Even better, use the code:

>>>class B(C):
...    def absMethod(self):
...        print("Now a concrete method")
>>>b = B()
>>>b.absMethod()
Now a concrete method

The ABCMeta class overrides the attributes __instancecheck__ and __subclasscheck__, providing a way of overloading the built-in functions isinstance() and issubclass(). To add a virtual subclass to your ABC, use the register() method that ABCMeta provides. The simple example:

>>>class TestABC(metaclass=ABCMeta): pass
>>>TestABC.register(list)
>>>TestABC.__instancecheck__([])
True

is equivalent to using isinstance(list, TestABC). You might have noticed that Python 3 uses __instancecheck__ instead of __issubclass__, and __subclasscheck__ instead of __issubclass__, which seems more natural. The reasoning is that the reversal of the arguments isinstance(subclass, superclass), for example, to superclass.__isinstance__(subclass) might cause confusion. So, the syntax superclass.__instancecheck__(subclass) wins.

Within the collections module, you can use several ABCs to test whether a class provides a specific interface:

>>>from collections import Iterable
>>>issubclass(list, Iterable)
True

Table 1 shows the ABCs of the collections framework.
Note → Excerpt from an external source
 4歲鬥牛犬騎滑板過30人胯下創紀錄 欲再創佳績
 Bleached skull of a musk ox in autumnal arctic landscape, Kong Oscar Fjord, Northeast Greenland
Table 1. The ABCs of the collections framework
ABCInherits
Container
Hashable
Iterable
IteratorIterable
Sized
Callable
SequenceSized, Iterable, Container
MutableSequenceSequence
SetSized, Iterable, Container
MutableSetSet
MappingSized, Iterable, Container
MutableMappingMapping
MappingViewSized
KeysViewMappingView, Set
ItemsViewMappingView, Set
ValuesViewMappingView

Collections

The collections framework consists of the container data types, double-ended queues (known as deques), and a default dictionary (known as a defaultdict). A deque supports appending and popping from either front or back. The defaultdict container, a subclass of the built-in dictionary (according to the Python 3 documentation) "overrides one method and adds one writable instance variable." Other than that, it acts like a dictionary. The collections framework also provides a data type factory function, namedtuple().

The ABC type hierarchy

Python 3 now supports a type hierarchy of ABCs that represent numeric classes. These ABCs live in the numbers module and include Number, Complex, Real, Rational, and Integral. Figure 1 shows the number hierarchy. You can, of course, use these to implement your own numeric type or other numeric ABC.

Figure 1. The numeric hierarchy
The numeric hierarchy

The numerical tower

Python's numeric hierarchy was inspired by the Scheme language's numerical tower.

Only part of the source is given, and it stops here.